Listen, I do try to eat healthy as much as I can. The only recipes (up till now) on this blog that require frying are donuts recipes . But arancini are such an amazing treat-yourself food that I had to make them. Only I decided to make a vegan version.
Take time, do them with love and respect the process and they will turn out amazing.
Delicious arancini (vegan)
Sicilian arancini (deep fried stuffed rice balls) with sun-dried tomatoes and caramelized onions)
- For risotto
- 1 onion
- 4 cloves of garlic
- 2 tablespoons of olive oil
- 400 g arborio rice
- 3 dl wite wine
- 1 l water
- 2 cubes of vegetable stock
- Thyme, salt and pepper
- For the filling
- 2 tablespoons of olive oil
- 4 onions
- 100 g of sun-dried tomatoes (from oil)
- 1 tablespoon of sugar
- For the coating
- 1 cup of breadcrums
- 1 dl of plant based milk
- 1 cup of corn starch
- Step 1 For risotto heat the oil in a pan and add finely minced onion and garlic. Cook for about 5 minutes. Add rice and cook for few minutes more. Add cubes of vegetable stock, thyme and slowly start adding the liquid (first wine and then water). This will take to up to 30 minutes. (So basically you add 1 dl of liquid, stir and let cook. When there is no liquid left you repeat the process.). At the end season with salt and pepper if necessary. Risotto is done when it is nice and sticky with no liquid left.

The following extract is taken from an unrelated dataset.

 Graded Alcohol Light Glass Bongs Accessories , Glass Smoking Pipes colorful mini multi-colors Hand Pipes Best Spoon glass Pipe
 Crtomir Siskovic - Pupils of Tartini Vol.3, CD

- Step 2 While you are making the risotto you can make the filling too. Heat the oil for filling in a pan and add sliced onions. Cook them on medium heat for 10 minutes or until they start getting brown. At that point add two pinches of salt, sugar and cook for about 10 minutes longer while stirring occasionally. When they are done just mix them with chopped sun-dried tomatoes.
- Step 3 Now that you have this ready let it rest for at least one hour to cool down (I suggest 2 hours).
- Step 4 When cooled down make a ball (a bit bigger than golf ball) and help yourself with a finger to make a hole in it. Fill it with filling, add some more risotto to cover the hole and roll it between your palms. Repeat with all the risotto.
- Step 5 When you have made balls from all the risotto roll them one by one in corn starch then in plant-based milk and at the end in breadcrumbs.
- Step 6 Fry them in oil for about 8 minutes or until golden brown. Fry in batches.
- Step 7 Let them rest on a paper towel a bit and then serve either warm or cold.
Time of cooking might depend on your rice. The final result should be a sticky, very well cooked risotto with no liquid left. That’s why you might add a bit less/more water.
Serve your arancini with some nice sauces for dipping (or not, they are delicious AF on their own).